5. Nach den im vorliegenden Fall getroffenen Feststellungen sind beide Elternteile im Umgang mit den Kinder sehr liebevoll, bemüht und wertschätzend. Die Kinder haben eine gute, vertrauensvolle, emotionale Beziehung sowohl zur Mutter als auch zum Vater. Es besteht der dringende Wunsch beider Kinder nach einer einvernehmlichen Lösung hinsichtlich der „gemeinsamen“ Obsorge (und auch des Kontaktrechts). Zwischen den Eltern besteht ein gewisses Mindestmaß an Kommunikationsfähigkeit. Mittels E‑Mail können sie auf einer sachlichen Ebene miteinander kommunizieren, weshalb die Mutter diese Art der Kommunikation als positiv empfindet. Es wird zwecks Austausch über die Kinder ein umfangreicher E‑Mail‑Verkehr gepflegt. Daneben findet auch eine Kommunikation per SMS statt. Es besteht eine gewisse Kooperationsbereitschaft.

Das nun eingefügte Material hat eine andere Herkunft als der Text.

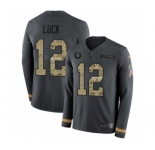 Youth Nike Indianapolis Colts #12 Andrew Luck Limited Black Salute to Service Therma Long Sleeve NFL Jersey
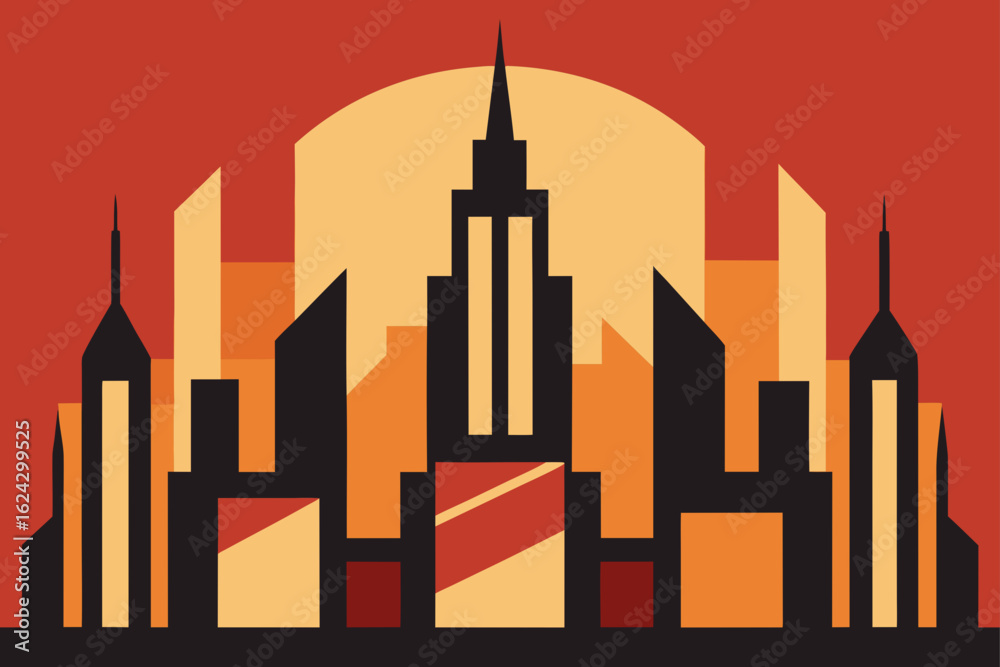 Obraz premium Art deco cityscape with a sunset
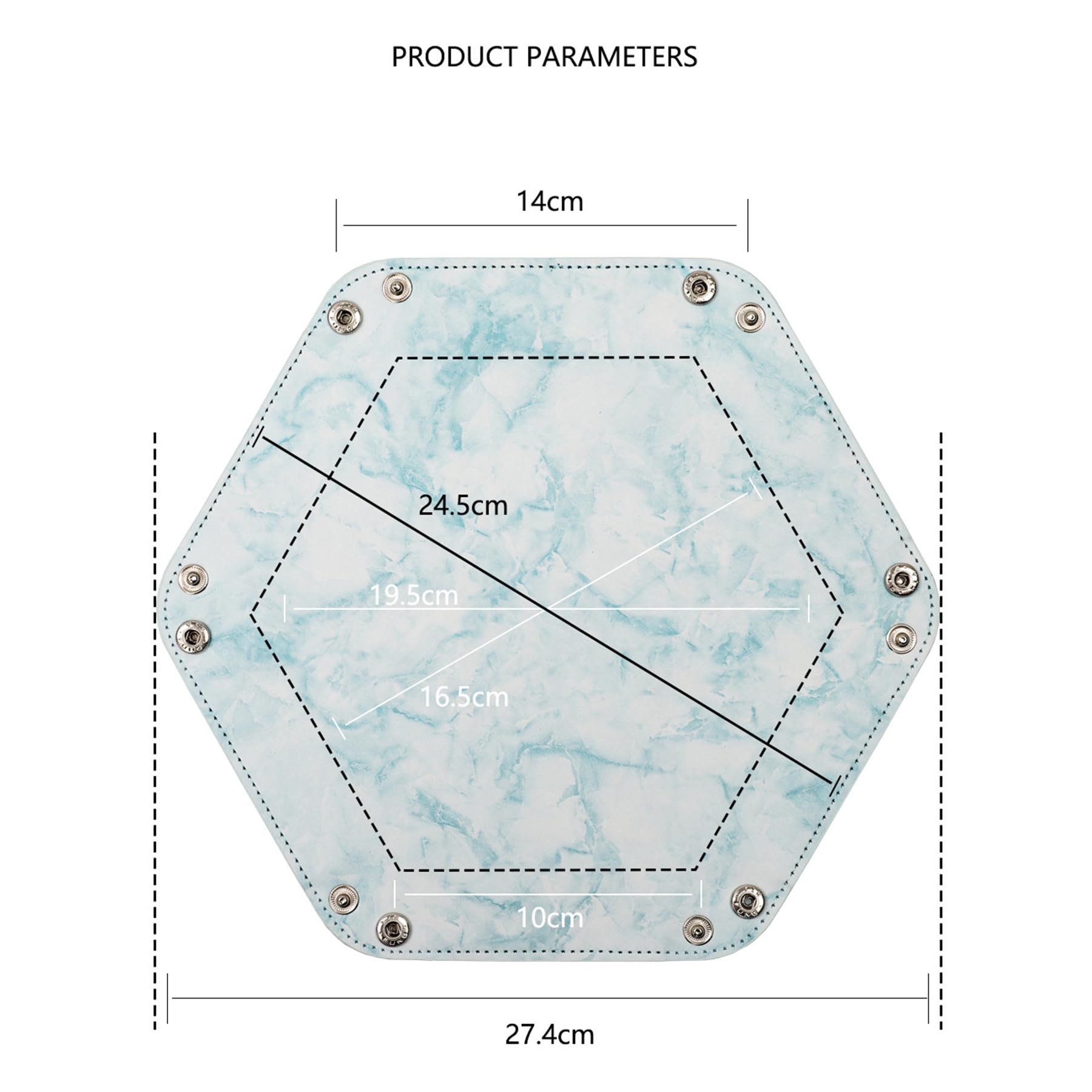 Hotooldo Double Sided PU Leather Hexagonal Dice Tray - Image 3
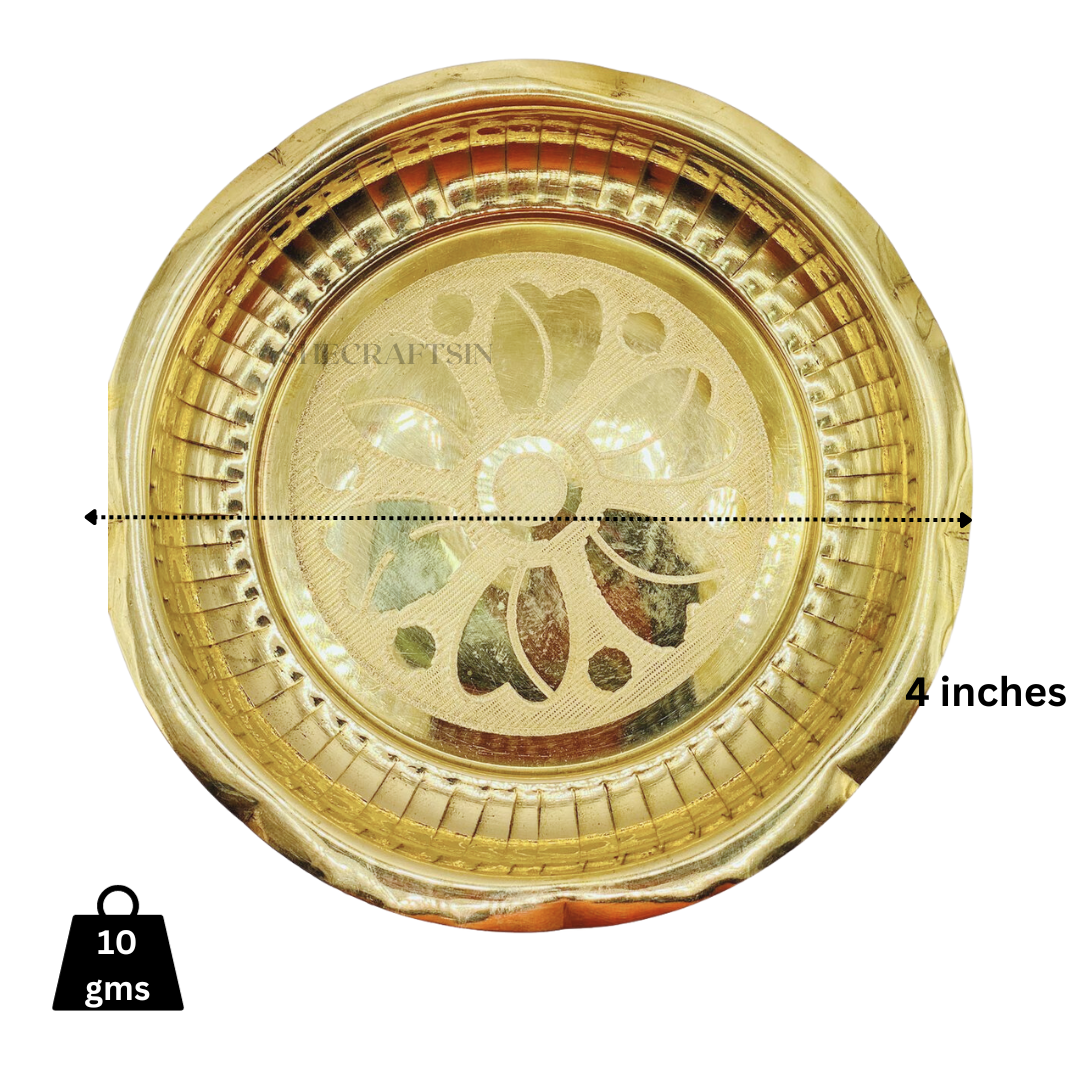 BRASS WEIGHTLESS FLORAL DESIGNED PLATE / POOJA THALIKA FOR DIWALI GIFTING | RETURN GIFT
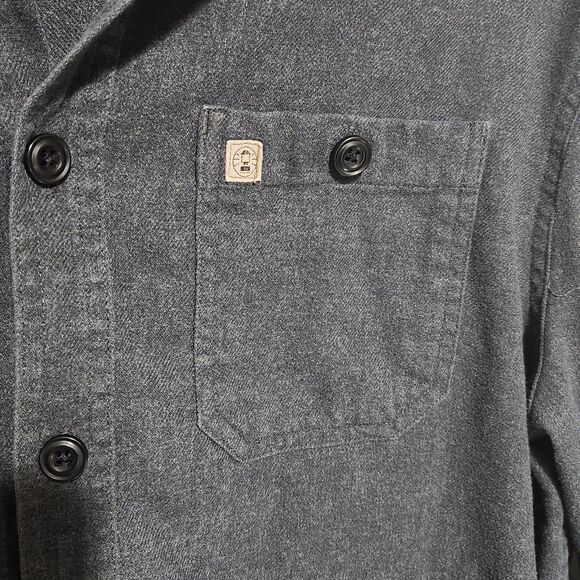 Coleman Mens Dark Gray Black Long Sleeve Button Down Shirt Size L Cotton Blend - Picture 3 of 10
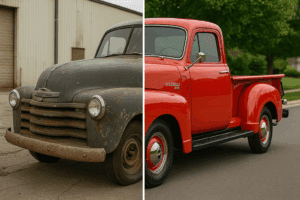 Split view of a Chevrolet 3100 pickup before restoration and after full restoration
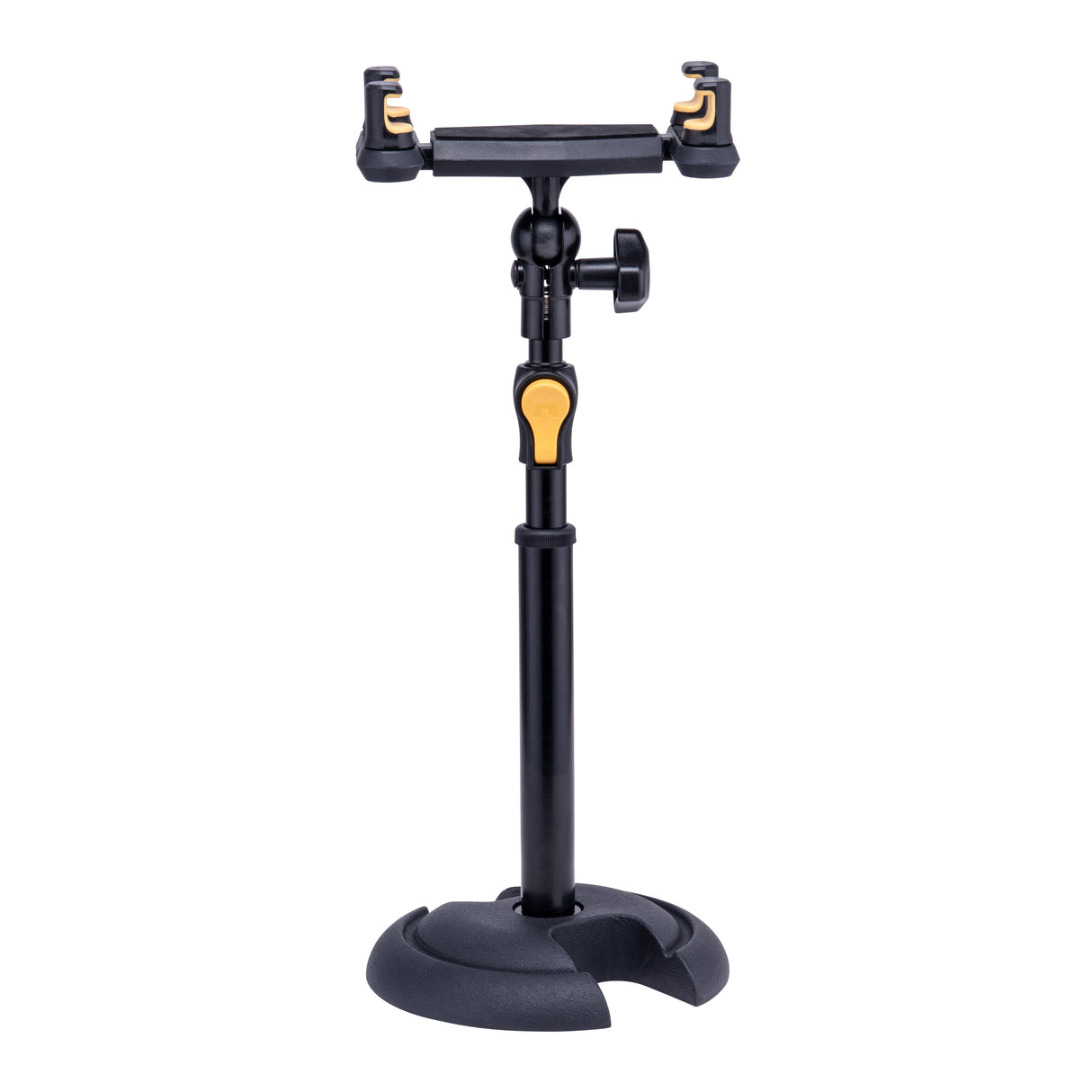 Black and yellow adjustable phone stand on a white background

Die Rechtsansicht des Rekursgerichts, die zwischen den Eltern geführte Kommunikation stelle ‑ ungeachtet der weiterhin gegebenen Konflikte ‑ eine ausreichende Basis dar, um den Anforderungen einer gemeinsamen Obsorge gerecht zu werden, weicht von den wiedergegebenen Grundsätzen der Rechtsprechung nicht ab. Dass in anderen Einzelfällen die per SMS und per E‑Mail geführte Kommunikation nicht als ausreichende Gesprächsbasis erachtet worden ist, indiziert keinen Ermessensmissbrauch, weil es in erster Linie auf die jeweilige Bereitschaft zum Informationsaustausch ankommt und nicht auf die Art der Nachrichtenübermittlung (per E‑Mail bzw SMS). Wenn das Rekursgericht insbesondere im Hinblick auf die vom Erstgericht angeordnete Maßnahme des verpflichtenden Besuchs einer gemeinsamen Elternberatung (§ 107 Abs 3 AußStrG) von einer günstigen Prognose für eine verantwortungsvolle Kommunikation und Kooperation ausgegangen ist, bedarf auch dies keiner Korrektur durch den Obersten Gerichtshof.
Der außerordentliche Revisionsrekurs der Mutter war daher zurückzuweisen.